Machine Learning Algorithms for semantic segmentation

This guest post by Rajalingappaa Shanmugamani, the author of Deep Learning for Computer Vision, takes you through three important algorithms for semantic segmentation.

There are several deep learning-based algorithms to solve image segmentation tasks. The sliding window approach can be applied at a pixel level for segmentation. This approach takes an image and breaks it into smaller crops. Every crop of the image is classified for a label. This approach is expensive and inefficient because it doesn’t reuse the shared features between the overlapping patches. In this article, we will discuss a few algorithms that can overcome this problem.

The Fully Convolutional Network

The Fully Convolutional Network (FCN) introduced the idea of an end-to-end convolutional network. Any standard CNN architecture can be used for FCN by removing the fully connected layers. The fully connected layers are replaced by a convolution layer. The depth is higher in the final layers and the size is smaller. Hence, 1D convolution can be performed to reach the desired number of labels. But for segmentation, the spatial dimension has to be preserved.
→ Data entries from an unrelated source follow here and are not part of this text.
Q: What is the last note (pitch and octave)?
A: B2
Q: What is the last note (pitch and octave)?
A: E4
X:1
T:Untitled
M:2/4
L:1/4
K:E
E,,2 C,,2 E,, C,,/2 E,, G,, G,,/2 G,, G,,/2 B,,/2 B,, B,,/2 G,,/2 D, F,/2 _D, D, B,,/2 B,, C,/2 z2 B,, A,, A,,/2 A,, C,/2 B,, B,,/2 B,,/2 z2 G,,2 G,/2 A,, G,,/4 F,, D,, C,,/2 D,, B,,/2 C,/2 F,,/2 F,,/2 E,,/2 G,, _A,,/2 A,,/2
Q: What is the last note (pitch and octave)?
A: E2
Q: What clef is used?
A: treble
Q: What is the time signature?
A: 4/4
Hence, the full convolution network is constructed without a max pooling, as shown here:

ml1

The loss for this network is computed by averaging the cross-entropy loss of every pixel and mini-batch. The final layer has a depth equal to the number of classes. FCN is similar to object detection except that the spatial dimension is preserved. The output produced by the architecture will be coarse as some pixels may be mis-predicted, while the computation is high. The SegNet architecture helps address this issue.

The SegNet architecture

The SegNet has an encoder and decoder approach. The encoder has various convolution layers and the decoder has various deconvolution layers. SegNet improves the coarse outputs produced by FCN. Because of this, it is less memory-intensive. When the features are reduced in dimensions, it is upsampled again to the image size by deconvolution, reversing the convolution effects. Deconvolution learns the parameters for upsampling. The output of such architecture will be coarse due to the loss of information in pooling layers.

ml2

Upsampling, atrous convolution, and transpose convolution will help you in understanding this network better.
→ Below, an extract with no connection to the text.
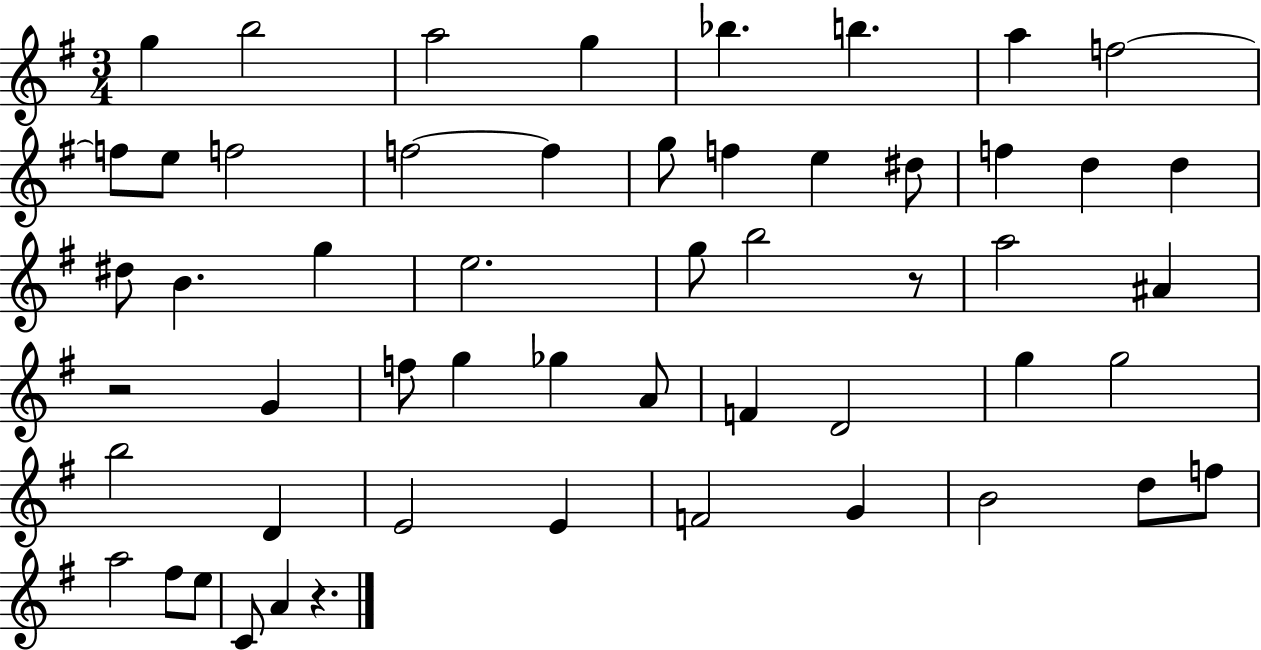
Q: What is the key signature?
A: G major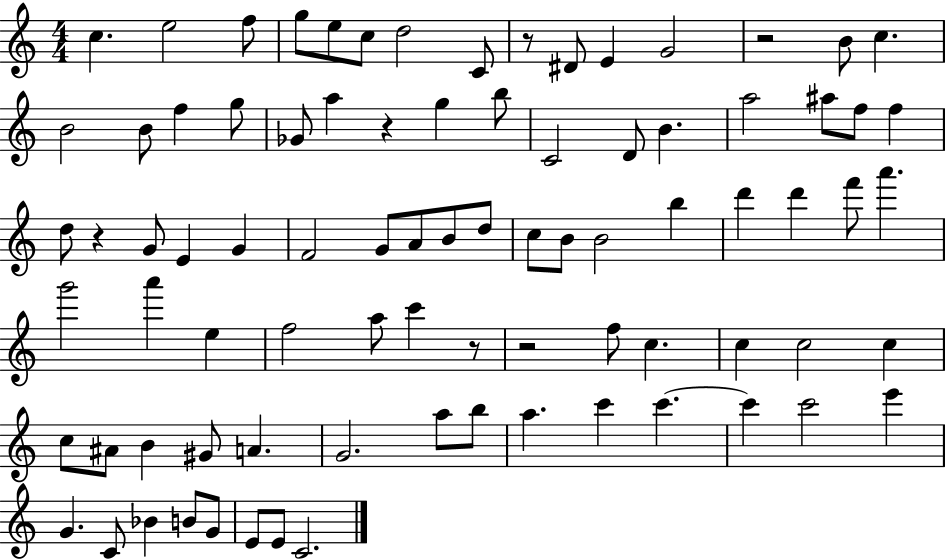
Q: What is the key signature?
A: C major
Upsampling the layers by pooling

Max pooling is a sampling strategy that picks the maximum value from a window. This could be reversed for upsampling. Each value can be surrounded with zeroes to upsample the layer, as shown here:

ml3

The zeroes are added at the same locations, which are the numbers that are upsampled. Un-pooling can be improved by remembering the locations of downsampling and using it for upsampling, as shown here:

ml4

Index-wise, upsampling yields better results than appending zeroes. This upsampling of the layers by pooling is not learned and works as it is. How doyou upsample and downsample with learnable parameters? Read on.
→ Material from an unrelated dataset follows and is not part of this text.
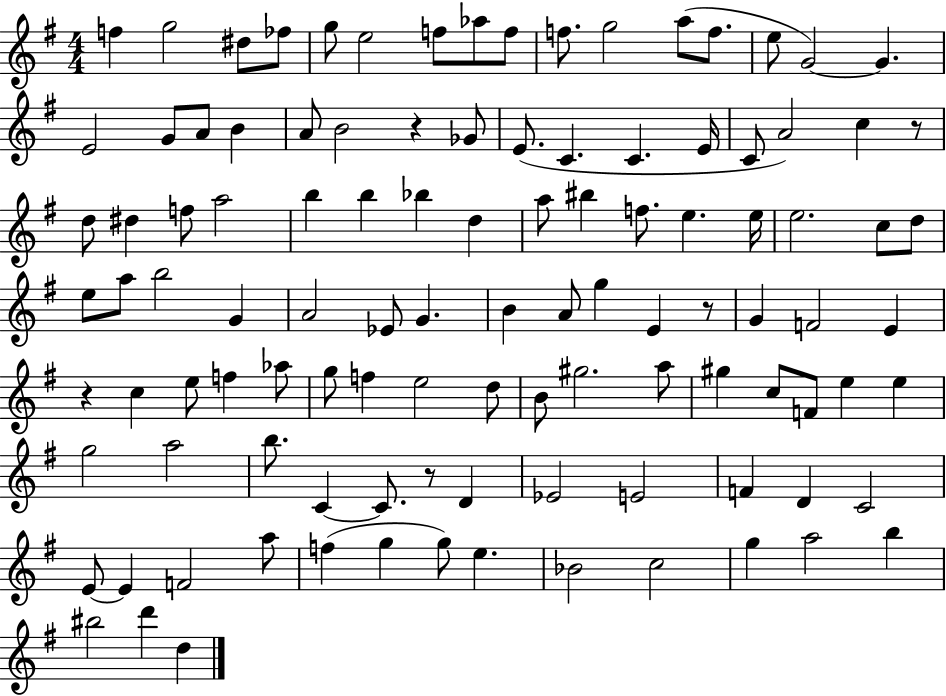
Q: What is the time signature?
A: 4/4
Sampling the layers by convolution

The layers can be upsampled or downsampled directly using convolution. The stride used for convolution can be increased to cause downsampling, as shown here:

ml5

Downsampling by convolution is called atrous convolution or dilated convolution or strided convolution. Similarly, it can be reversed to upsample by learning a kernel as shown here:

ml6

Upsampling directly using a convolution can be termed as transposed convolution. Some other synonyms are deconvolution, fractionally strided convolution, or up-convolution. Here is a code snippet that describes the algorithm:

input_height = 360
input_width = 480
kernel = 3
filter_size = 64
pad = 1
pool_size = 2

After the input is taken, it follows the usual convolutional neural net with decreasing size, which can be termed as an encoder. The following code can be used for defining the encoder:

model = tf.keras.models.Sequential()
model.add(tf.keras.layers.Layer(input_shape=(3, input_height, input_width)))
# encoder
model.add(tf.keras.layers.ZeroPadding2D(padding=(pad, pad)))
model.add(tf.keras.layers.Conv2D(filter_size, kernel, kernel,
border_mode='valid'))
model.add(tf.keras.layers.BatchNormalization())
model.add(tf.keras.layers.Activation('relu'))
model.add(tf.keras.layers.MaxPooling2D(pool_size=(pool_size, pool_size)))
model.add(tf.keras.layers.ZeroPadding2D(padding=(pad, pad)))
model.add(tf.keras.layers.Conv2D(128, kernel, kernel, border_mode='valid'))
model.add(tf.keras.layers.BatchNormalization())
model.add(tf.keras.layers.Activation('relu'))
model.add(tf.keras.layers.MaxPooling2D(pool_size=(pool_size, pool_size)))
model.add(tf.keras.layers.ZeroPadding2D(padding=(pad, pad)))
model.add(tf.keras.layers.Conv2D(256, kernel, kernel, border_mode='valid'))
model.add(tf.keras.layers.BatchNormalization())
model.add(tf.keras.layers.Activation('relu'))
model.add(tf.keras.layers.MaxPooling2D(pool_size=(pool_size, pool_size)))
model.add(tf.keras.layers.ZeroPadding2D(padding=(pad, pad)))
model.add(tf.keras.layers.Conv2D(512, kernel, kernel, border_mode='valid'))
model.add(tf.keras.layers.BatchNormalization())
model.add(tf.keras.layers.Activation('relu'))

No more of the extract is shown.